Crawled caption data:
+===+
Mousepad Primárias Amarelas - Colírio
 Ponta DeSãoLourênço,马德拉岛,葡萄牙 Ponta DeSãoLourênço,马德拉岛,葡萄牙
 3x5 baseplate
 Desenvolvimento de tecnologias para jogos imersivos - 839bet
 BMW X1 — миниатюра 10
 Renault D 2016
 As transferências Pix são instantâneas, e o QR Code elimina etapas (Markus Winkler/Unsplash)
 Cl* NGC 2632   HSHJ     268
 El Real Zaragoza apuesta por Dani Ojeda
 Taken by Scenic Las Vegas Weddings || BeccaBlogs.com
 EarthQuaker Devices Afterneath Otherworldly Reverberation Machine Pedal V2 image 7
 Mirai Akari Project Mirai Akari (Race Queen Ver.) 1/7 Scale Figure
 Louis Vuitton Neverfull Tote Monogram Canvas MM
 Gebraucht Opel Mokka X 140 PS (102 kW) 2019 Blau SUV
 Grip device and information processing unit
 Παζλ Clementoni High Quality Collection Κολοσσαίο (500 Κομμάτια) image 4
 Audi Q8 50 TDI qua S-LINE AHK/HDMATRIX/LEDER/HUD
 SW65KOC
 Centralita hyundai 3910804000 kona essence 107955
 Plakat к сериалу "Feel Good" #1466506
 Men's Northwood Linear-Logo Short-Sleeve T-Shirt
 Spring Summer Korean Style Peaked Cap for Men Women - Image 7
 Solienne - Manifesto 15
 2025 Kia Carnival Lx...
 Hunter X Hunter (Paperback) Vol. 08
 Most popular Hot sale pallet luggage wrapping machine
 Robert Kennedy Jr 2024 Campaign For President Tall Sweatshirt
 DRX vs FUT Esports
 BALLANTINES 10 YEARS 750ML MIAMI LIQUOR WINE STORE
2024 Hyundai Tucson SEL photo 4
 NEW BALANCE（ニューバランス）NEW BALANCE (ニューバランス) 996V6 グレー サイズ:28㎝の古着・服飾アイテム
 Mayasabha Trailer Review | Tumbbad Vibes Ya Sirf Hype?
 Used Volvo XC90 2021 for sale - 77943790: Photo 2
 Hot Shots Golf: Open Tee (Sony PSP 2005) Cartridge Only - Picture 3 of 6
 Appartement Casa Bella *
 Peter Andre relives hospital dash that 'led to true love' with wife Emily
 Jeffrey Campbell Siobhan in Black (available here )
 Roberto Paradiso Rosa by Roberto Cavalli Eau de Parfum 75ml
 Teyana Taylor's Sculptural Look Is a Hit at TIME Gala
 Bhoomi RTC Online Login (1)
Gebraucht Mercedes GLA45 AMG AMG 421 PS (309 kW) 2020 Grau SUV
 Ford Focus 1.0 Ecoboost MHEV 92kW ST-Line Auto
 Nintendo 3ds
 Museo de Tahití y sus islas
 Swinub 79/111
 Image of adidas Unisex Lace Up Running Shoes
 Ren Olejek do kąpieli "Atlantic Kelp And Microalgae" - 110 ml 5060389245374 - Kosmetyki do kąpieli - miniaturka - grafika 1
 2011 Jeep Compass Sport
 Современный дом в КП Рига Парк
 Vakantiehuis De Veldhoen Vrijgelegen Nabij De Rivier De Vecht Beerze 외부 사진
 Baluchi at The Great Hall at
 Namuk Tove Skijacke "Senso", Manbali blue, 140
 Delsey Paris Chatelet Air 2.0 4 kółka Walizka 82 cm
+===+
AIM OF THE EXERCISE: Which lines hold the word "sale"? Return all of them from the records above.

YOUR SOLUTION:
 Most popular Hot sale pallet luggage wrapping machine
 Used Volvo XC90 2021 for sale - 77943790: Photo 2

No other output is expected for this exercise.